Task objective:
Extract the lines that carry the string "size" from the listing.

Recorded data:
BEGIN
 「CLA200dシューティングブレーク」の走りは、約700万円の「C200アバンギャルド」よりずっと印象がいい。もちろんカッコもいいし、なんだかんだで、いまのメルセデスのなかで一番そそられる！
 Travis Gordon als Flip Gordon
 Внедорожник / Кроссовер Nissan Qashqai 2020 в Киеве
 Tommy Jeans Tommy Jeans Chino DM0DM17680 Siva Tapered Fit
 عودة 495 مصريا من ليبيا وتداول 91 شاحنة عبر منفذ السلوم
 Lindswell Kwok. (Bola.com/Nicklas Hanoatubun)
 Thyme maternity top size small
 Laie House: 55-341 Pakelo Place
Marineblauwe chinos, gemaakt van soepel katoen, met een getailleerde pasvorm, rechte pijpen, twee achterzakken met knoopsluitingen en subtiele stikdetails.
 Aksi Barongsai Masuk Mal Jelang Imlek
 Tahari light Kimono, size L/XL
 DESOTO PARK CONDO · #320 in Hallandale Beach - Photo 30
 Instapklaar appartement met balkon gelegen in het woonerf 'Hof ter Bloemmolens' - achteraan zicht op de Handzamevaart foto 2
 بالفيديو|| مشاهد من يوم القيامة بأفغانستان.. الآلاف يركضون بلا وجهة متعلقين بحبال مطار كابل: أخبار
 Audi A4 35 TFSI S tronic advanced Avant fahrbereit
END
Response area:
 Thyme maternity top size small
 Tahari light Kimono, size L/XL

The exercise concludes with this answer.